**What you need to do:**
Since the copy must hold text only, transcribe the data below exactly and omit the images.

**Collected data:**
----

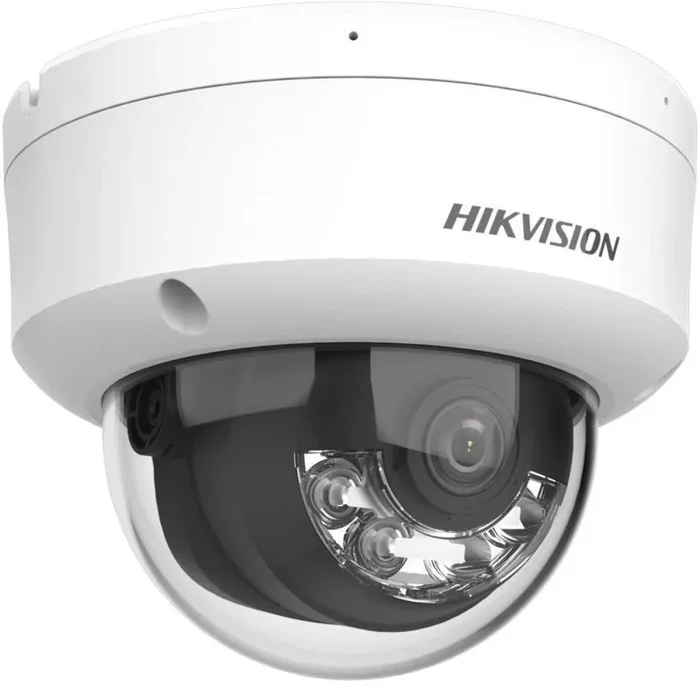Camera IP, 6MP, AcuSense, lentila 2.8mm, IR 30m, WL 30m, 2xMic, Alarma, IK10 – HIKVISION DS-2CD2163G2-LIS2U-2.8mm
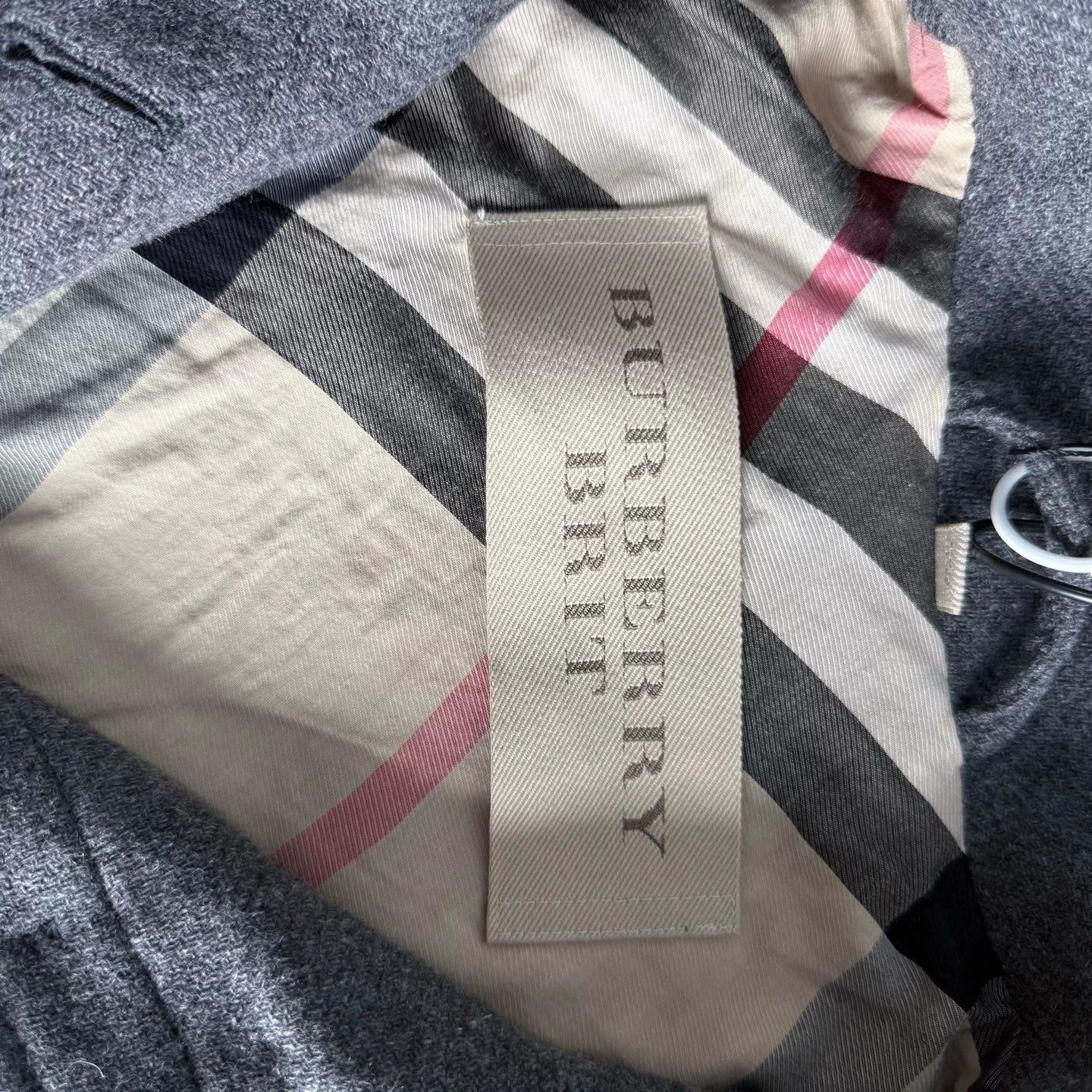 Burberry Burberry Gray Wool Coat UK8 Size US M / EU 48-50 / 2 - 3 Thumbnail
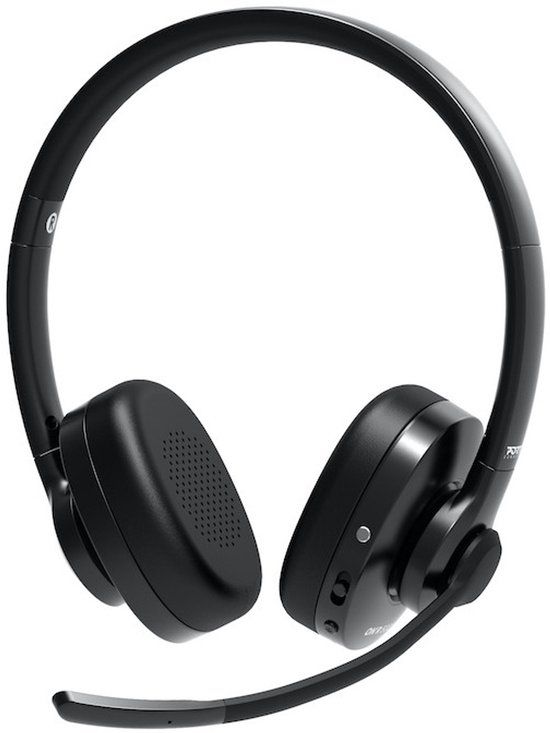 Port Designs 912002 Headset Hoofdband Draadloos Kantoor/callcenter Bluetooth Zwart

----

**Problem solution:**
Camera IP, 6MP, AcuSense, lentila 2.8mm, IR 30m, WL 30m, 2xMic, Alarma, IK10 – HIKVISION DS-2CD2163G2-LIS2U-2.8mm
 Burberry Burberry Gray Wool Coat UK8 Size US M / EU 48-50 / 2 - 3 Thumbnail
 Port Designs 912002 Headset Hoofdband Draadloos Kantoor/callcenter Bluetooth Zwart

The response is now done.